Vision: What’s so special about words?

Readers are sensitive to the statistics of written language. New work by Vidal et al. suggests that this sensitivity may be driven by the same domain-general mechanisms that enable the visual system to detect statistical regularities in the visual environment. 

Highlights

• Readers presented with orthographic-like stimuli are sensitive to bigram frequencies 
• An analogous effect emerges with images of made-up objects and visual gratings 
• These data suggest that the reading system might rely on general-purpose mechanisms 
• This calls for considering reading in the broader context of visual neuroscience
Summary
As writing systems are a relatively novel invention (slightly over 5 kya), they could not have influenced the evolution of our species. Instead, reading might recycle evolutionary older mechanisms that originally supported other tasks and preceded the emergence of written language. Accordingly, it has been shown that baboons and pigeons can be trained to distinguish words from nonwords based on orthographic regularities in letter co-occurrence.
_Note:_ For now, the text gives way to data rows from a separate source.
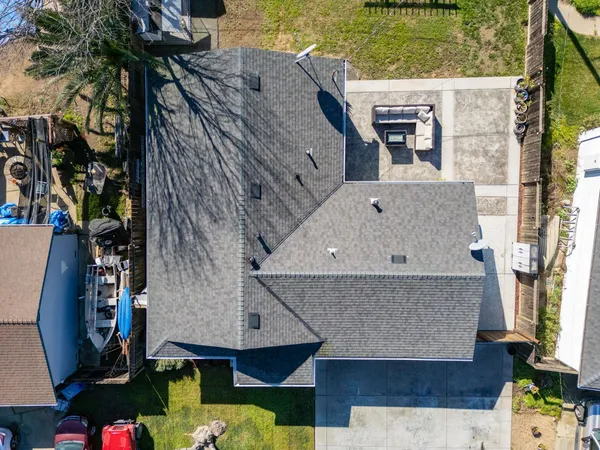 an aerial view of a house with swimming pool and large trees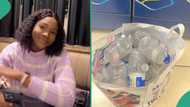 Lady living in UK recycles empty bottles of water, uses money she made to buy snacks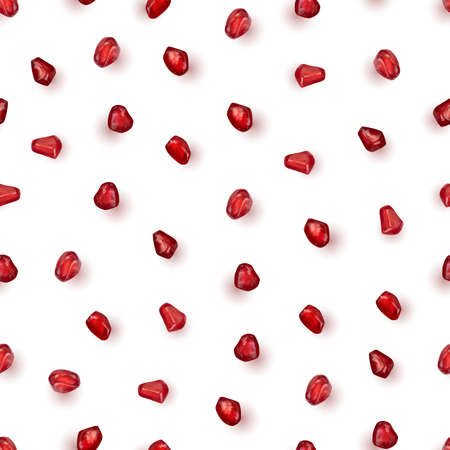 Scattered pomegranate seeds isolated on white background. Red punica granatum juicy grains top viewの写真素材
This suggests that part of what is usually considered reading-specific processing could be performed by domain-general visual mechanisms. Here, we tested this hypothesis in humans: if the reading system relies on domain-general visual mechanisms, some of the effects that are often found with orthographic material should also be observable with non-orthographic visual stimuli. We performed three experiments using the same exact design but with visual stimuli that progressively departed from orthographic material. Subjects were passively familiarized with a set of composite visual items and tested in an oddball paradigm for their ability to detect novel stimuli. Participants showed robust sensitivity to the co-occurrence of features (“bigram” coding) with strings of letter-like symbols but also with made-up 3D objects and sinusoidal gratings. This suggests that the processing mechanisms involved in the visual recognition of novel words also support the recognition of other novel visual objects. These mechanisms would allow the visual system to capture statistical regularities in the visual environment. We hope that this work will inspire models of reading that, although addressing its unique aspects, place it within the broader context of vision.